Os personagens centrais da história são Burt Berendsen (Christian Bale), Harold Woodman (John David Washington) e Valerie Voze (Margot Robbie). Burt e Harold se conheceram enquanto serviam na Europa durante a Primeira Grande Guerra, Burt se alistou para satisfazer as vontades de seus sogros ricos e influentes e lá conheceu o soldado Harold que virou seu amigo para vida, ambos se acidentaram em combate (Burt perdeu um olho) e durante a recuperação eles conheceram a excêntrica e cheia de vida enfermeira Valerie, com quem eles estabelecem uma amizade imediatamente e os três vivem os melhores anos de sua vida nas ruas de Amsterdam. Os três são personagens totalmente fantasiosos, tanto de forma positiva como de forma negativa, eles rendem momentos divertidos, principalmente Valerie e até mesmo algumas boas risadas (as cenas de apresentação de Burt é especialmente engraçada), no entanto, por serem tão obviamente inventados, lhes falta humanidade suficiente para causar empatia e um senso de representação, até mesmo o relacionamento entre Valerie e Harold não traz muita química e o próprio Harold acaba destoando do grupo por se tratar de um personagem mais sóbrio.

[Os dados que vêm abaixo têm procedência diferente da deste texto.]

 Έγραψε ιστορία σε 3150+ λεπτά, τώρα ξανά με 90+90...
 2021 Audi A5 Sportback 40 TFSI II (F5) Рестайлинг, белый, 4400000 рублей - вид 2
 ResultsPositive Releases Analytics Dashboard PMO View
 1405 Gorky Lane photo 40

Anos depois, já em Nova York, Harold (agora um advogado) e Burt (um cirurgião plástico) concordam em investigar a morte do general que os apresentou e falecera de forma suspeita o suficiente para que sua filha (Taylor Swift) contratasse a dupla, mas eles acabam sendo incriminados no processo e se tornam os principais suspeitos, é aí que se reúnem com Valerie novamente, numa trama que se estende e enrola cada vez mais.

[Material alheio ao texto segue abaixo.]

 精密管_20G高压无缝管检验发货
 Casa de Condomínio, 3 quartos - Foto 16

Antes de Nova York, a história já era ampla e com um número expressivo de personagens, mas isso só se amplifica depois do reencontro do trio e a sensação que temos é que um novo, e cada vez mais caricato, personagem surge a cada cena. Eles não são personagens desinteressantes, são todos interpretados por atores extremamente qualificados e conhecidos, como Zoe Saldana, Rami Malik, Chris Rock, Mike Myers, Anya Taylor-Joy e muitos outros, chegando até mesmo à uma participação de Robert De Niro, um colaborar já costumeiro de David O. Russell, mas são tantos talentos e tantos personagens, além de todas as situações bizarras (ainda que por vezes divertidas), que o enredo transborda o filme e nos impede de focar em uma trama específica.

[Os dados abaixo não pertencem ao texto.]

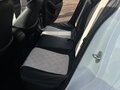 2014 Mazda 3 III (BM), белый, 1349000 рублей - вид 10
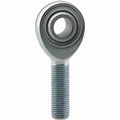 FK JMX/JMXL Series Rod Ends JMX10T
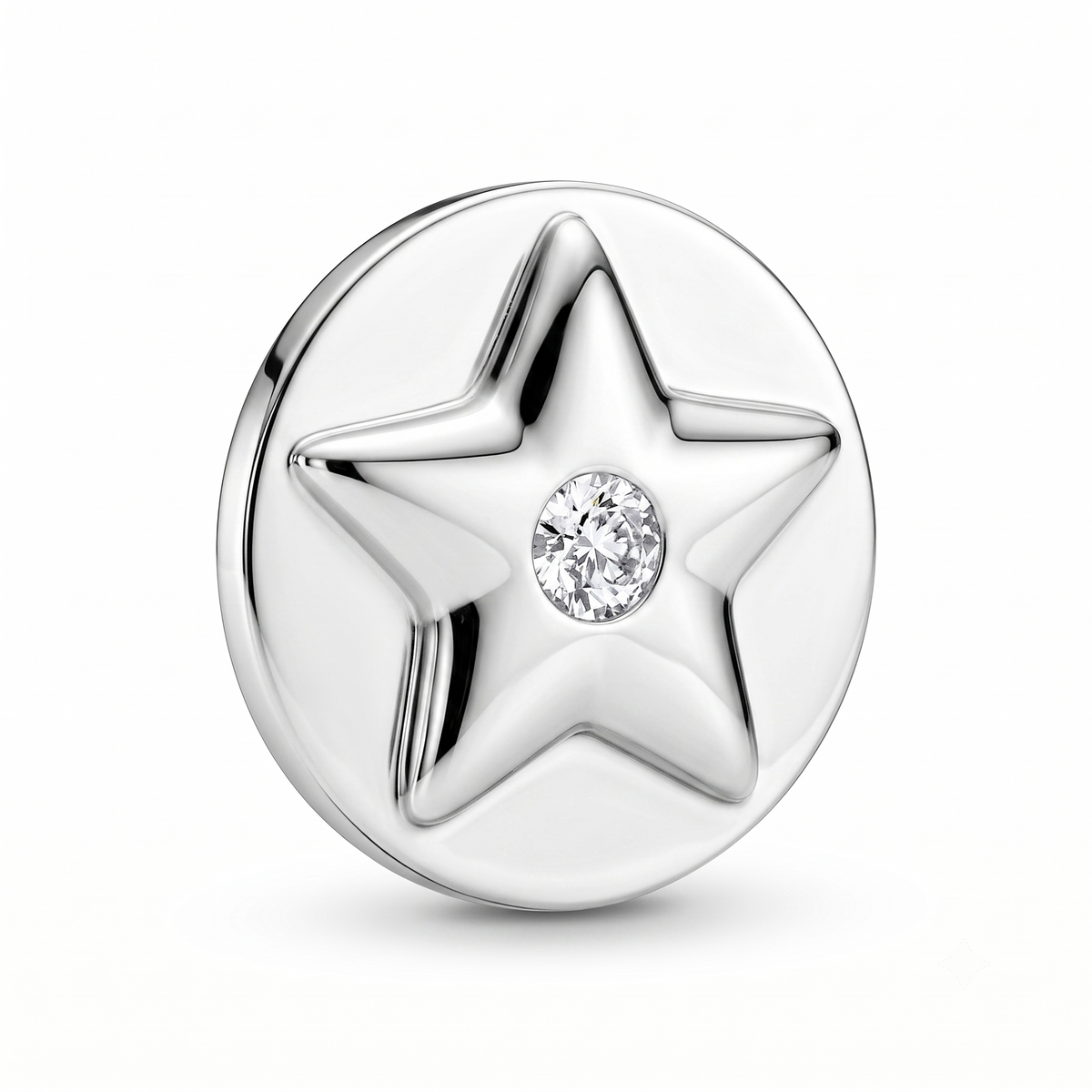 Star Charm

De baixo de toda a bagunça e nós de “Amsterdam”, é possível entender que a mensagem principal que Russell deseja passar através de seus personagens é a de que, independente dos percalços, o que deve prevalecer sempre é a bondade e os atos de gentileza, o que realmente ressoa, apesar das superficialidades que se sobressaem vez outra. Talvez o principal empecilho do filme seja sua ambição de ser tudo e falar sobre tudo sem uma real intenção de ser algo concreto. Podemos identificar começos de histórias muito bons e personagens e subtramas com potencial, mas eles acabam ofuscados por certos caprichos do diretor.